Please leave out pictures and print exactly the lines from the one that has "a bedroom with" through the last line of the material below.

Source data:
-=-=-

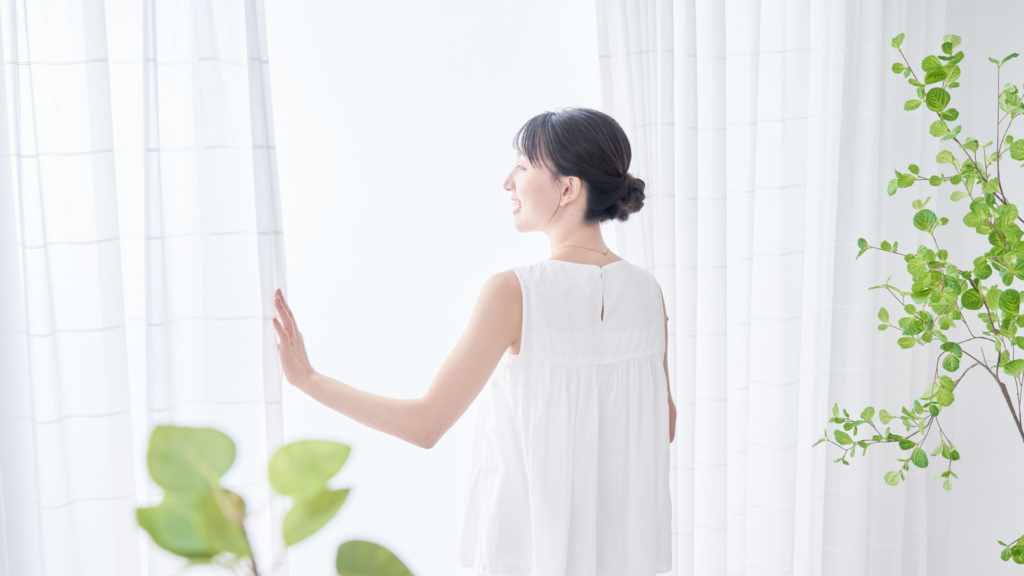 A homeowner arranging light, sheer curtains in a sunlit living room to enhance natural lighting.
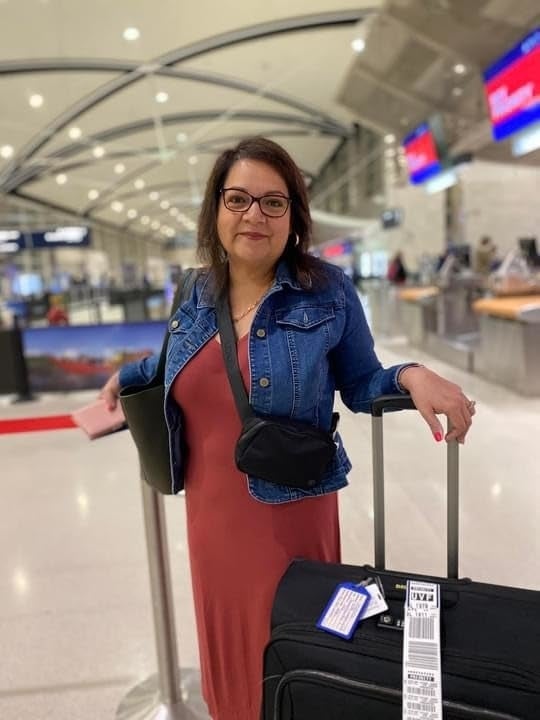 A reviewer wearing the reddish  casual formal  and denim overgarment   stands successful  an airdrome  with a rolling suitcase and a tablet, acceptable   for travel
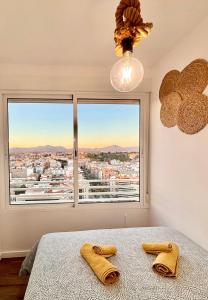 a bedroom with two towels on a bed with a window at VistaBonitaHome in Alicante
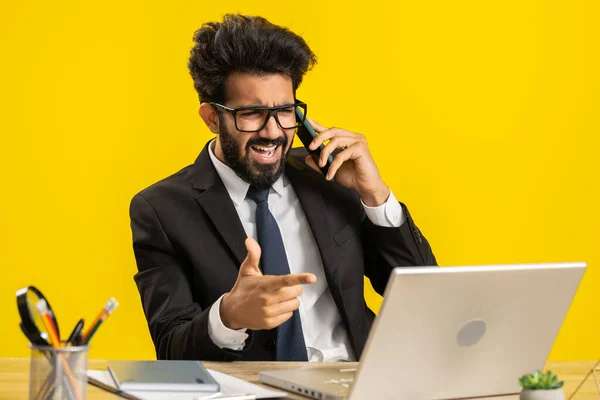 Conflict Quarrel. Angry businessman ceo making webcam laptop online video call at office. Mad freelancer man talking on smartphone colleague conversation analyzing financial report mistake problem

-=-=-

Solution for this problem:
 a bedroom with two towels on a bed with a window at VistaBonitaHome in Alicante
 Conflict Quarrel. Angry businessman ceo making webcam laptop online video call at office. Mad freelancer man talking on smartphone colleague conversation analyzing financial report mistake problem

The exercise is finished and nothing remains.